Altaylı, gündelik yaşamdan bir örnek vererek durumun olağan dışılığına dikkat çekti: “Kendi oturduğum sitenin havuzunun makine dairesine ömrüm boyunca girmedim, nerede olduğunu bile bilmem. Bu yüzden bir belediye başkanının oraya neden ve nasıl girdiğini de sorgulamak gerekiyor. Ancak eğer birileri onun günlük rutinini biliyor, alışkanlıklarını takip ediyorsa, böyle bir tuzak kurgulamak imkânsız da sayılmaz. Tüm bu olasılıklar ciddi şekilde soruşturulmalıdır.”

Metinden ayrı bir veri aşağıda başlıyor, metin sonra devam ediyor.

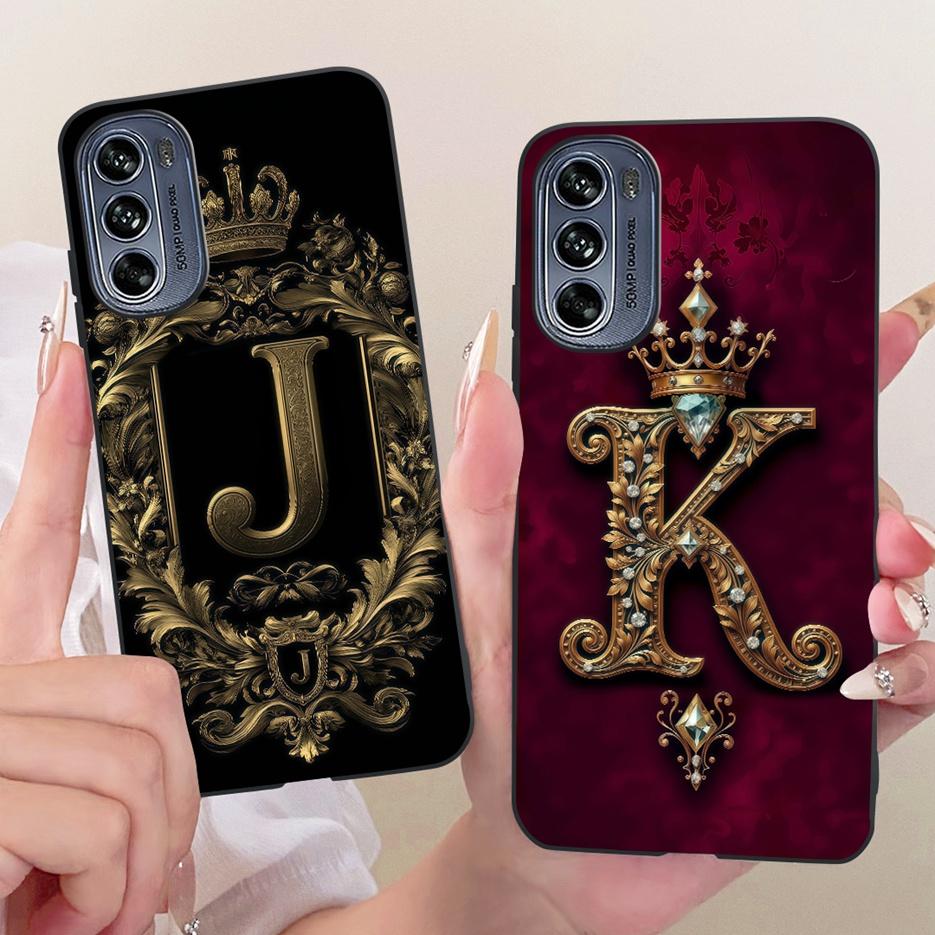 Für Motorola Moto G62 5G Hülle Niedliche Krone Buchstaben Abdeckung Stoßfest Weiches TPU Handyhülle Für Motorola G62 Moto G 62 MotoG62 5G Taschen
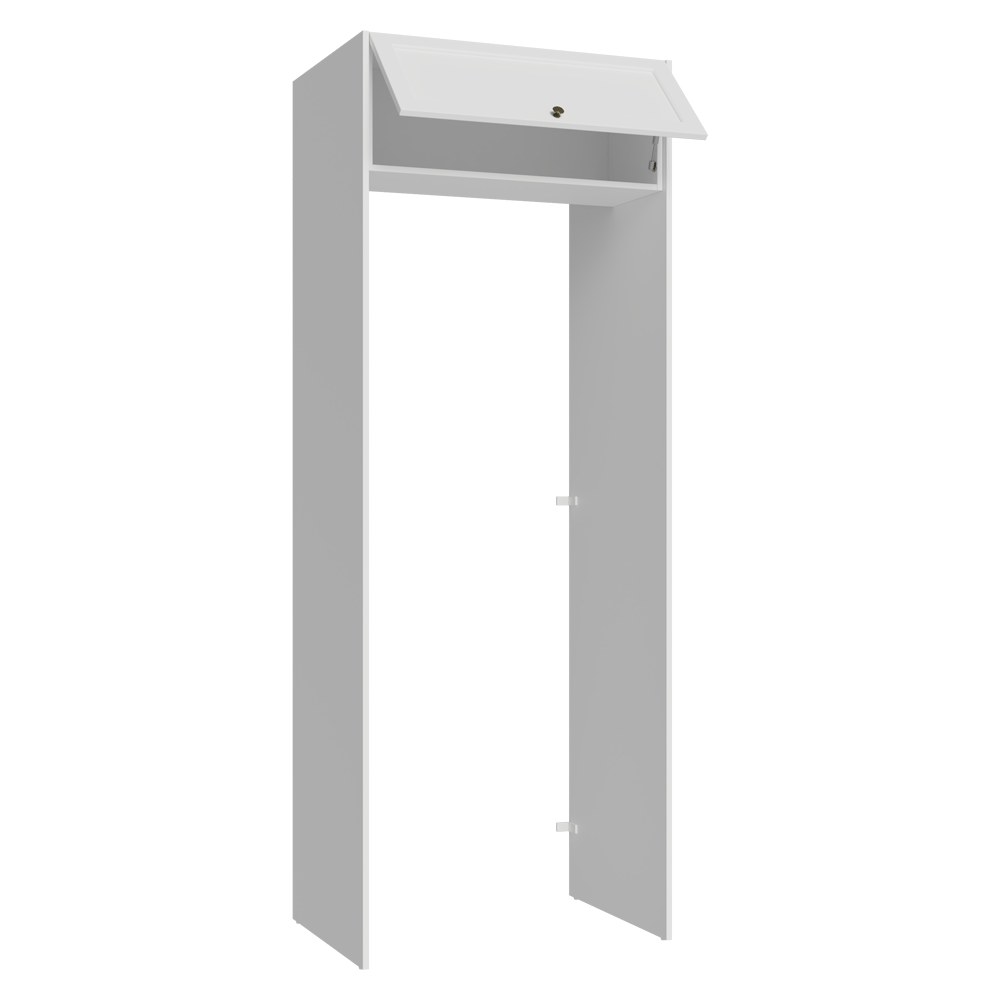 Mueble para empotrar Heladera 83 cm 1 Puerta Rebatible Blanco Vik Madesa
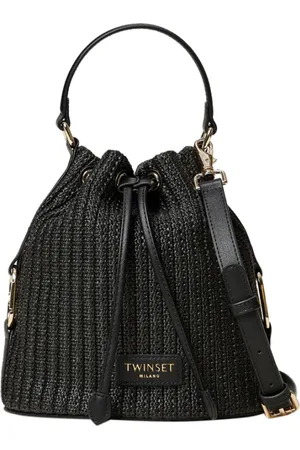 Twin-Set Taske, Dame, Sort, ONE SIZE, Uld, Sort Jacquard Spandtaske 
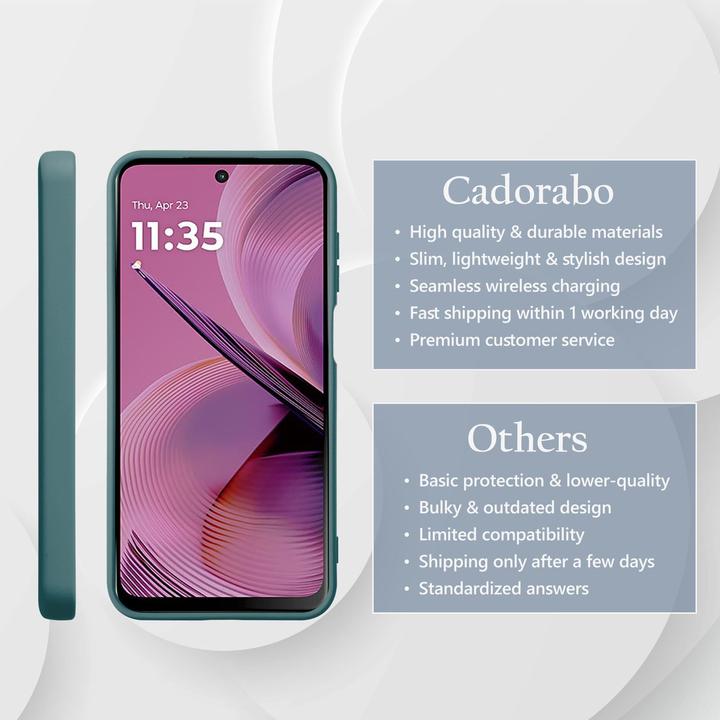 Produktbild Cadorabo Hülle für Motorola Moto G55 im Liquid Case Design (Motorola Moto C)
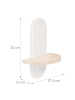 relaxdays 2 x Wandregal in Weiß/ Natur - (B)21,5 x (H)30 x (T)12 cm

Altaylı’nın dikkat çektiği bir diğer husus da Türkiye’de ihmalkârlığın ve kötü işçiliğin yaygın olması. Bu noktada, olayın basit bir ihmalkârlık sonucu meydana gelmiş olma ihtimalinin daha güçlü olduğunu belirten gazeteci, yine de bu şüphelerin göz ardı edilemeyecek kadar ciddi olduğunu ifade etti.

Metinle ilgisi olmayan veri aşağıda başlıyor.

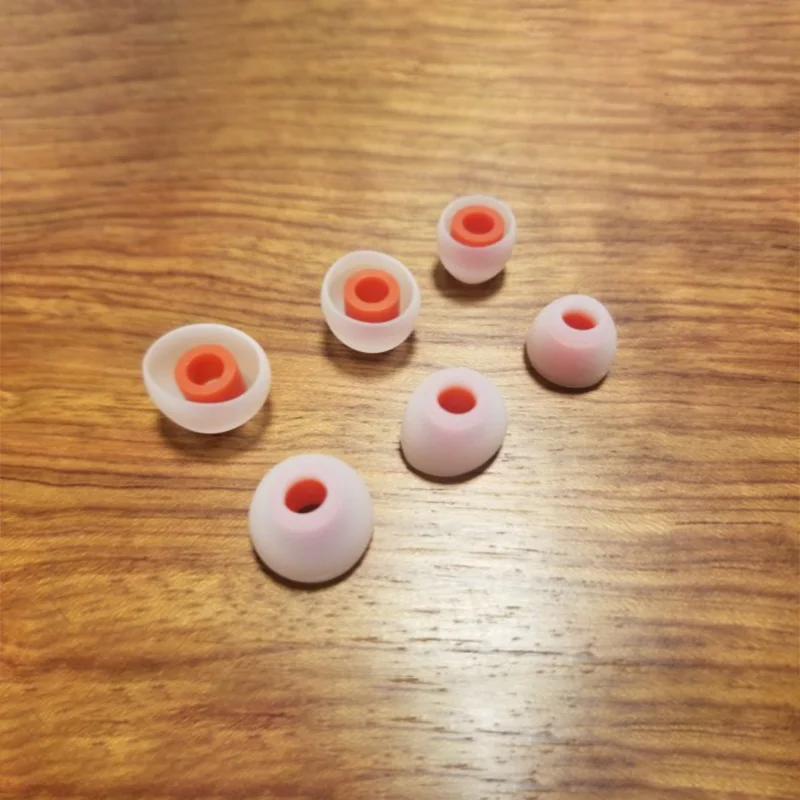Premium High-Quality In-ear Silicone Eartips - 3/6 Pairs, Multi-Size (S/M/L)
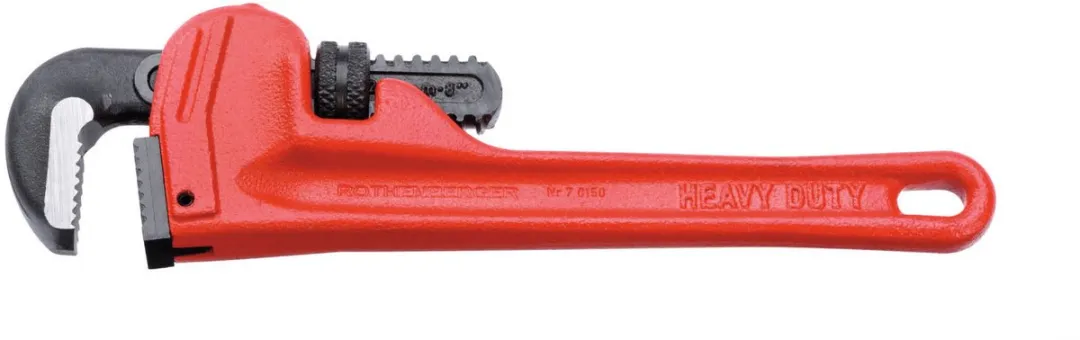 Rothenberger Zware Pijptang 8" - 70150 - Zwart/Rood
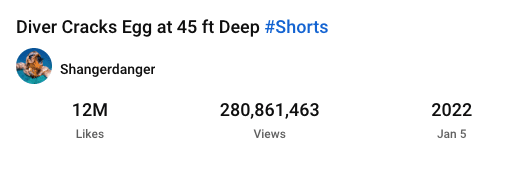 Diver cracks Egg at 45 ft Deep YouTube Short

“Evet, Türkiye’de kötü iş yapma geleneği, denetimsizlik ve rastgelelik birçok kazaya yol açıyor. Bu gerçek. Ancak bu olayda farklı dinamikler de devrede olabilir. Çünkü Zeyrek, belediyedeki yolsuzlukları önleyen ve çeşitli çıkar gruplarını rahatsız eden bir profildi. Daha önce güvenlik tedbirleri aldığı, hatta çevresine olası tehditlerden söz ettiği de biliniyor. Bütün bu parçalar bir araya geldiğinde, ‘acaba?’ demeden edemiyorsunuz.”